Достала она и баночку черной икры, и рыбки красной, обменяв на сумочку, привезенную из отпуска. А дед Макар вместе с письмецом притащил сыру финского «Виола», по случаю Дня Победы заброшенного к ним в буфет.

Все это Галина Андреевна упаковала накануне в сумку, а в последний момент из столовского холодильника взяла пельмени и заложила в термос, да еще заехала на урсовском газике в магазин за хлебом и за солью, вспомнив, что последний раз не оказалось у них соли и взять было, конечно, негде.

До Новожилова дорога километров восемьдесят и в сторону двадцать: чистых три часа езды. Но она и дороги не заметила, и города, вся была настроена на встречу.

Процесс оформления, знакомый до мелочей, еще занял два часа. Эти часы были уже из ее золотого времени, того самого, которое отпущено для свидания. А отпущено им двое суток, или (что конечно же больше) сорок восемь часов.

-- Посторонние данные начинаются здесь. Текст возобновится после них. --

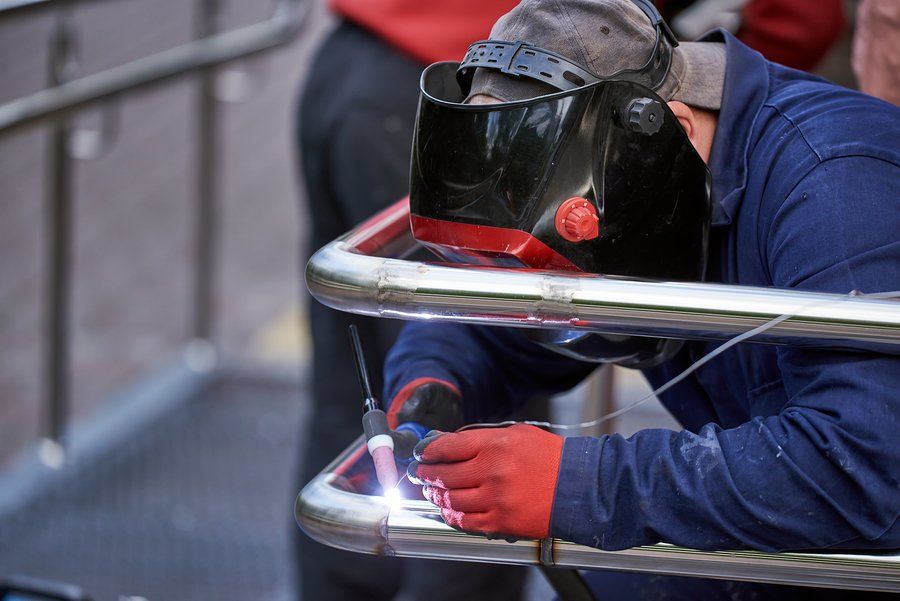 welder welding the tubular stainless steel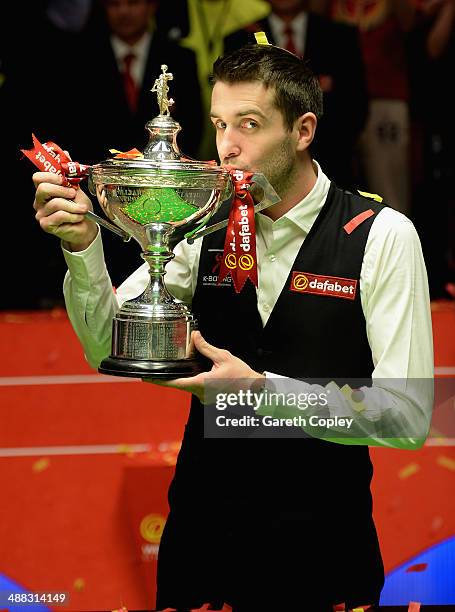 Mark Selby lifts the trophy after winning The Dafabet World Snooker Championship final at Crucible Theatre on May 5, 2014 in Sheffield, England.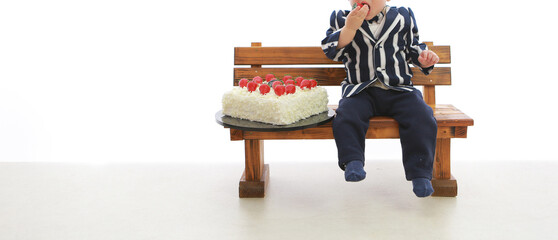 お誕生日のケーキの苺を食べようとする1歳の男の子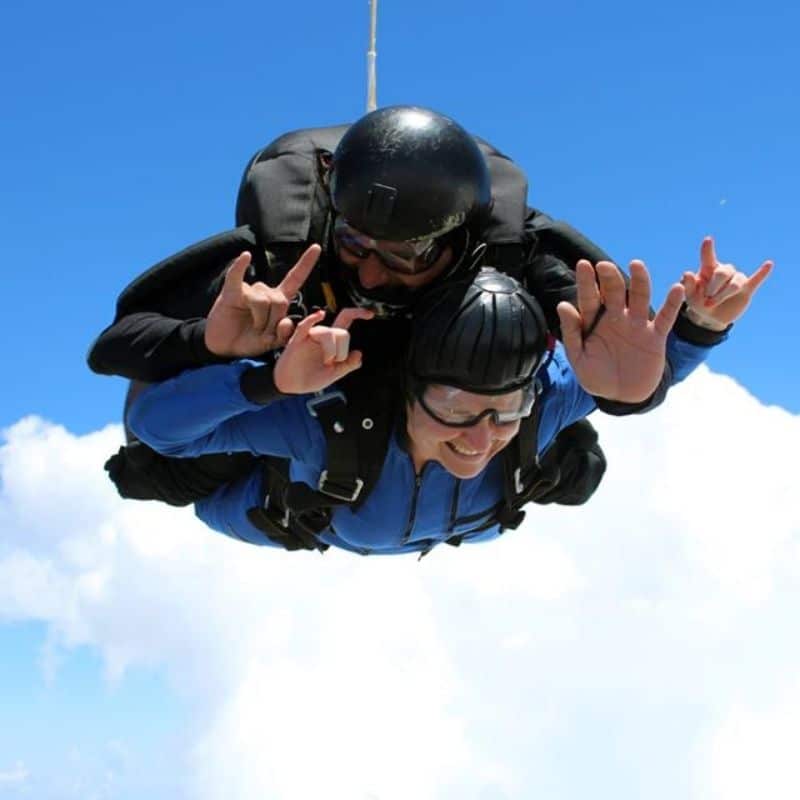 Woman skydiving tandem with male instructor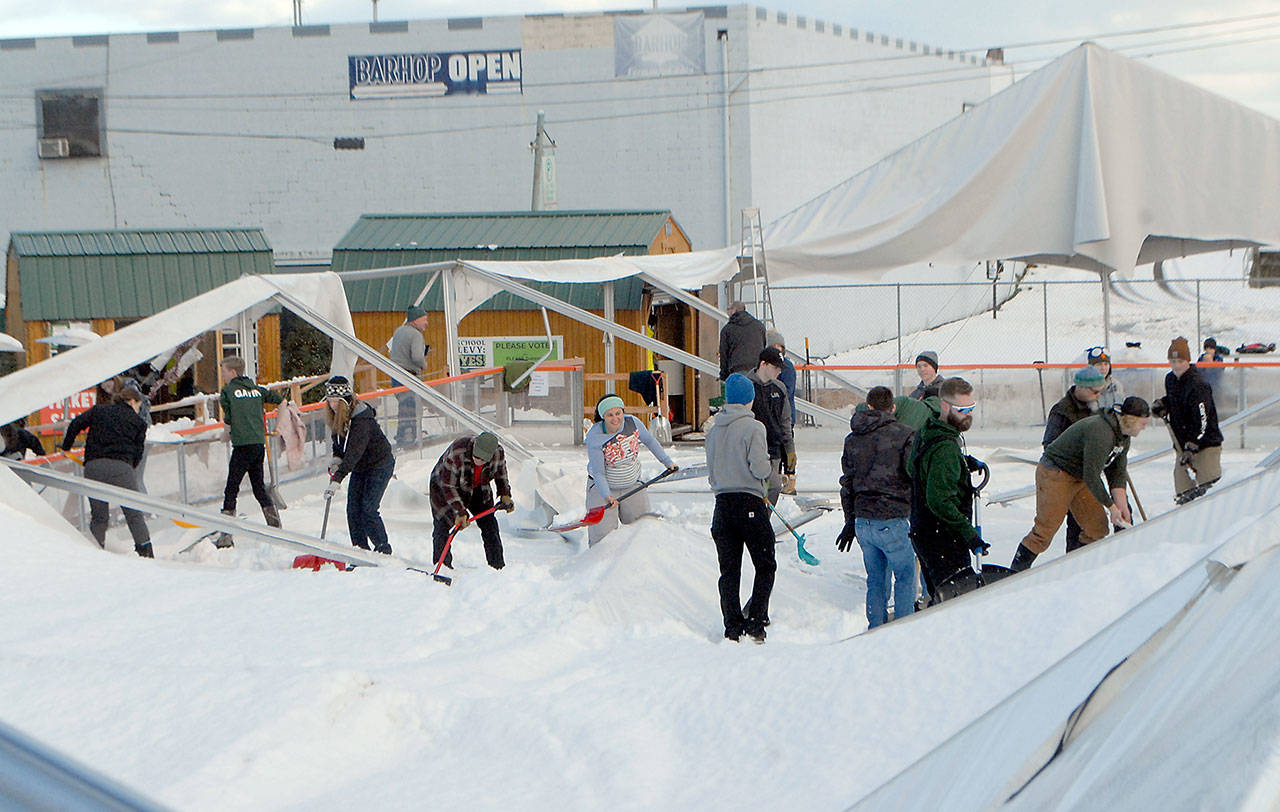 A collection of volunteers, including members of Port Angeles High School athletic teams, work to clear snow from the wreckage of the tent that covered the ice skating rink at the Port Angeles Ice Village on Thursday. The tent collapsed under the weight of heavy snow Wednesday morning. (Keith Thorpe/Peninsula Daily News)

Было сорок восемь, а стало — сорок шесть.

После многочисленных постов и проверок привели ее в домик одноэтажный, кирпичный, комнат на пять, в каждой комнате две койки, гобеленовые коврики, стол, тумбочка, шкаф. За все уплачено, как в гостинице, по рубль двадцать в сутки.

Не раздеваясь, не раскладывая вещей, присела она на кончик стула и стала ждать.

Уже и не особенно переживала, не чувствуя ничего, даже времени не чувствуя, потому что все отошло, и дорога, и усталость, и постовые, осталось лишь одно-единственное чувство близости его да сознание, что он совсем рядом, здесь, на этом кусочке земли.

Гавкнула собака, машина проехала. Кто-то кому-то прокричал на ходу. Ничто из этого не коснулось ее слуха. Но лишь по дорожке раздались шаги, одни печатные, крепкие, другие с протяжным шарканьем, как она вся превратилась в слух, напрягаясь и обмирая. И уже у дверей негромкие голоса, звон ключей — их отпирают, запирают. Тишина. Но она не шелохнувшись сидит и точно знает, что муж ее уже здесь, в доме, в коридорчике, у дверей...

— Коленька!

— Галюша!

Долго стоят посреди комнаты и ничего не слышат. Одни. На все отпущенные часы одни.

Зарылись друг в друга, уже далеки от этого мира, стоят и не дышат. Молчат.

Только потом, боясь оторваться и потерять это чувство единения, не отпуская из рук друг друга, присели на кровать и снова замерли. И если бы мог кто-то их видеть, то показалось бы странным: сидят два человека — и даже слов нет, час за часом проходит, и сумерки наступают, а они сидят и сидят.

В первый вечер они и ужинать не стали, как легли — и всю ночь проговорили. Только наутро вспомнила Галина Андреевна про пельмени, ахнув, побежала на кухню, вынула из термоса, сунула в холодильник и стала готовить плотный завтрак. Но обоим никак не елось, и они, едва опробовав стол, снова легли в постель.

Она поведала Коленьке про маленькую хитрость с бутылкой коньяка, которую же, конечно, пронести не разрешили, и она тут же отдала «зелененьким»: мол, не обратно же везти... Уж точно, что лишний часок, а то и два не станут дергать теперь, когда будет кончаться их время.